But please do not rationalize your purchase by pretending that you will not be availing yourself of a government welfare/subsidy program. If YOU are not paying the full cost of a product; if the manufacturer is not paying his full cost of production (i.e. if your fellow TAXPAYERS are "subsidizing" ANY part of it); then the product does not have a profitable, a self-sustaining market, and those participating in the market for that product are recipients of "welfare" (aka "subsidy").

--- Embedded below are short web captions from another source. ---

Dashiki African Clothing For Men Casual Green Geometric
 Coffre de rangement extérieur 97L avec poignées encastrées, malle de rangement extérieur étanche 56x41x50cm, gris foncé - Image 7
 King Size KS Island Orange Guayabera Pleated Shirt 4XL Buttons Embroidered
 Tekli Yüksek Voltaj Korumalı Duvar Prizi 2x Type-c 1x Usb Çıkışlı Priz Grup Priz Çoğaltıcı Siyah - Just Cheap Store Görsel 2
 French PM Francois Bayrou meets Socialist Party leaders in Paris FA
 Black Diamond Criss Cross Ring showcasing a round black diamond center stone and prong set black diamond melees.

Don't feel too bad about it, though. Plenty of markets for plenty of products are being propped up by our government with our tax dollars. It is a shame, though, to see a person who otherwise seems very rational trying to explain away the taxpayer subsidies (aka government "welfare") associated with a particular product, simply because he happens to personally like that product.

Regarding my comment on the nonexistence of "free" electricity, I made no claims regarding the cheapness, or lack thereof, of electricity. The sole purpose of my comment was to point out to another person that the "free" electricity he said he could get at a public garage is NOT free.

SOMEONE is paying for that electricity. At a public garage, TAXPAYERS would be the people who are paying for that electricity. In other words, the so-called "free" electricity represents yet another subsidy/welfare program associated with electric cars.

By the way, I have a short commute. I am seriously considering buying an all-electric motorcycle to use on that commute. They strike me as being ideally suited for that purpose. However, if I do purchase one of them, and if "tax credits" are available for them, I will NOT try to pretend that the cost of that bike was NOT subsidized by my fellow taxpayers.

57 posted on 04/08/2015 1:55:08 PM PDT by WayneS (Barack Obama makes Neville Chamberlin look like George Patton.)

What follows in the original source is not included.